_Assigned task_
When you transcribe the entries below, keep the wording exact and omit the pictures.

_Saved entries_
=======
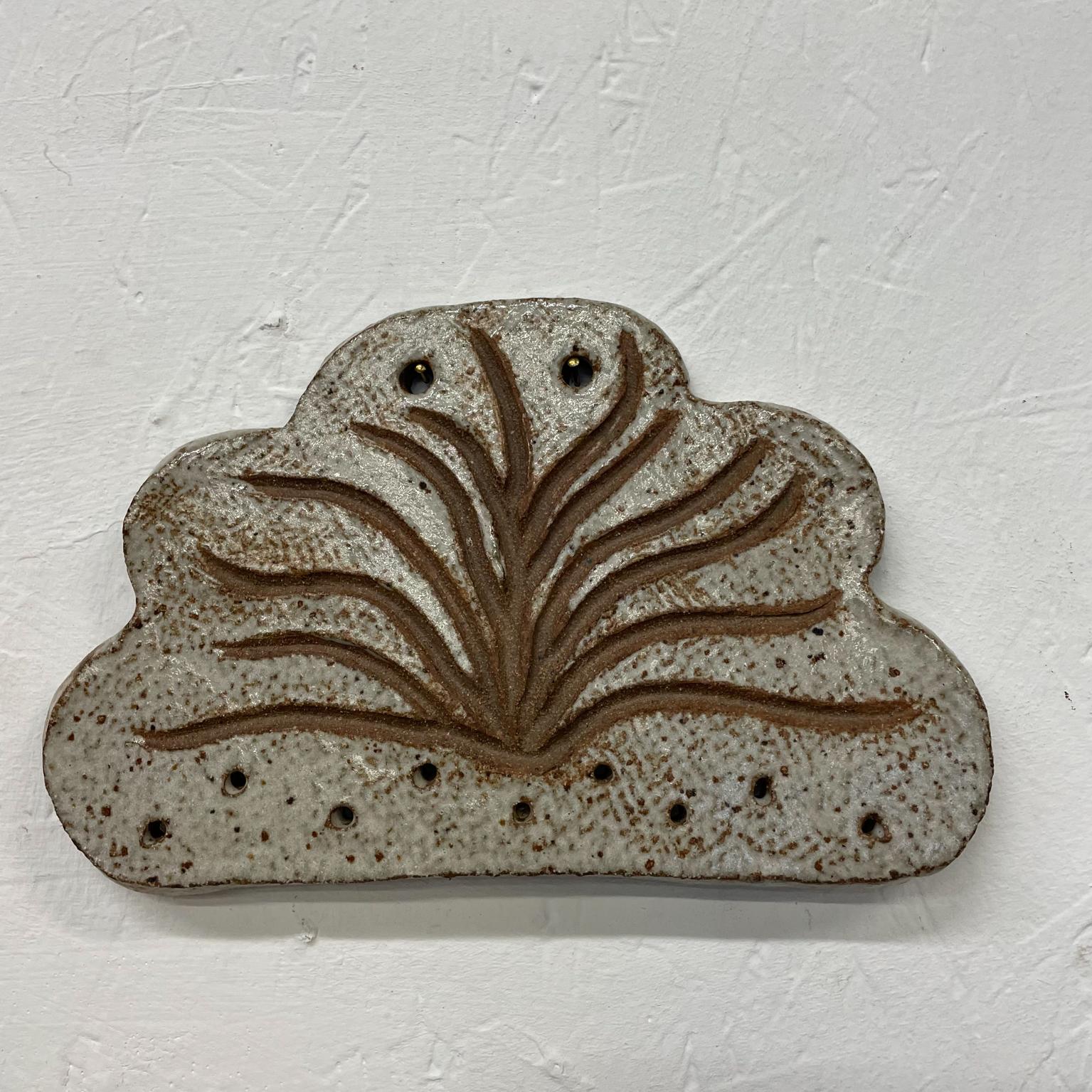 Pottery
Diane Baldwin hanging pottery wall plaque agave maguey cactus design
Signed art
Measures: 5.25 H x 8.88 W x .38 thick inches
Unrestored original vintage condition.
See images provided.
=======
_Exercise output_
 Pottery
Diane Baldwin hanging pottery wall plaque agave maguey cactus design
Signed art
Measures: 5.25 H x 8.88 W x .38 thick inches
Unrestored original vintage condition.
See images provided.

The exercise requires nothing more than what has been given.